I decided to move and begin studying for a master’s degree because I didn’t feel confident in the job market yet. I chose a master’s programme that had a balance between applied subjects and opportunities to try my hand at academic subjects. I was considering becoming a teacher and a researcher.
I had a chance to study abroad but was late submitting the necessary documents. In Russia, I had a choice between two majors—Applied Economics at the New Economic School (NES) or Financial Economics with the ICEF programme at HSE University. It seemed to me that NES was more focused on academia and more suitable for someone going into research. But ICEF gave me the balance I was looking for, in which I could communicate with industry professionals, study applied subjects, and at the same time prepare for a PhD. I opted for ICEF.
I think that after HSE University, it would be difficult to choose a different university for continued study in Russia
I think HSE is the best university in terms of strong disciplines, industry experts and great teaching staff. HSE University even helps you find a job: after defending my master’s degree, a teacher called me. He was a member of the examination board and invited me to work in his startup on very good terms, but I declined. By the time I graduated, I had two years’ experience in data science analytics and the job offer was for a starting position. It’s just that I had done well defending my master’s and the teacher thought I was a good candidate for his project.
What got you interested in data science?
It happened while I was getting my bachelor’s degree. During my second year, they began offering a minor in Data Science and they presented it really well: they talked about the analysis of the Dota 2 game and the relationship between the sale of an item and its monetisation. That got me very interested and I took the minor. I was hooked, although we programmed not in Python, but in R and did everything at a very serious level because there still wasn’t a lot of hype around data science. Because I studied as an exchange student for a year in Sweden, I only completed one of the course’s two years. So the knowledge I gained was fairly superficial and general. When I returned, I realised that I really wanted to develop professionally in data science, but that I didn’t have enough knowledge.
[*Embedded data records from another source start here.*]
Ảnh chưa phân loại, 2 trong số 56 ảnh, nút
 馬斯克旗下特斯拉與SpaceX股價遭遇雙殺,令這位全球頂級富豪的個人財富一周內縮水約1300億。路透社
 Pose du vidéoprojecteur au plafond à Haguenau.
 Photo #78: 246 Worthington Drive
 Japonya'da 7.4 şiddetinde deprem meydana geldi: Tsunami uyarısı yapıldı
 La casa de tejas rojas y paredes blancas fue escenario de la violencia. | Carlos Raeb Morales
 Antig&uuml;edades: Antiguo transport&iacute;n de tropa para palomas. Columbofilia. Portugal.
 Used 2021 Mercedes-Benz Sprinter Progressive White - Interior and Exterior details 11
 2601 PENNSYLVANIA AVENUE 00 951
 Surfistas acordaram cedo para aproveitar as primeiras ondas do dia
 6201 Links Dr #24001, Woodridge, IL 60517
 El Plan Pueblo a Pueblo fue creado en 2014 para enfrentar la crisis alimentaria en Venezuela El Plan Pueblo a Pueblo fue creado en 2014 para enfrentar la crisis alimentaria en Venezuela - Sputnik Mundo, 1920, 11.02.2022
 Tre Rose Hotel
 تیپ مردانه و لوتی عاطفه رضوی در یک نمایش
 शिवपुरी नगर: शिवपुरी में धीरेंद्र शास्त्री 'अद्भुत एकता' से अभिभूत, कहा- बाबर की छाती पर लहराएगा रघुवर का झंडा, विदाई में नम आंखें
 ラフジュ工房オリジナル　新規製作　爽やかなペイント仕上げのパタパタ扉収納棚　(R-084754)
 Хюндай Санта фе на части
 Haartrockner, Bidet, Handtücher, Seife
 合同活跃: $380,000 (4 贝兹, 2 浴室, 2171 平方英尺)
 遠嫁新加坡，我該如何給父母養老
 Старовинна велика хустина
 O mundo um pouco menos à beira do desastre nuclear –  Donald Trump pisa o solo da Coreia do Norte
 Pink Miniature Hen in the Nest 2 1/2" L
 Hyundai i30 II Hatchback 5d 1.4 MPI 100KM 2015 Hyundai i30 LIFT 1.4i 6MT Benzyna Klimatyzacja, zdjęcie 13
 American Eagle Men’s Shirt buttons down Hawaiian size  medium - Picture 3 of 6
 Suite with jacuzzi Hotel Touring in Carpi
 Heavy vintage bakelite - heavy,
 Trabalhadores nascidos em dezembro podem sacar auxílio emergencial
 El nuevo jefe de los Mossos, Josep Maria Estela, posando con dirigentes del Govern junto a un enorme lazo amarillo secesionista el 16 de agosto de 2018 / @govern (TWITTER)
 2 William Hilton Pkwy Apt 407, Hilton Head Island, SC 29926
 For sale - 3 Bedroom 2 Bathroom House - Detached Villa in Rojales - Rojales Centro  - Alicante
Before that, I wanted to go into consulting or try my hand in IB, but having already become interested in data science, I wanted to incorporate the technical aspect into my economics education. At that time, all the Big Three companies began setting up separate departments for advanced analytics that worked at the intersection of conventional consulting and data science. So I focused on preparing myself to work in this kind of technological consulting and paid attention to what the requirements were, as well as to who the large IT companies wanted to see.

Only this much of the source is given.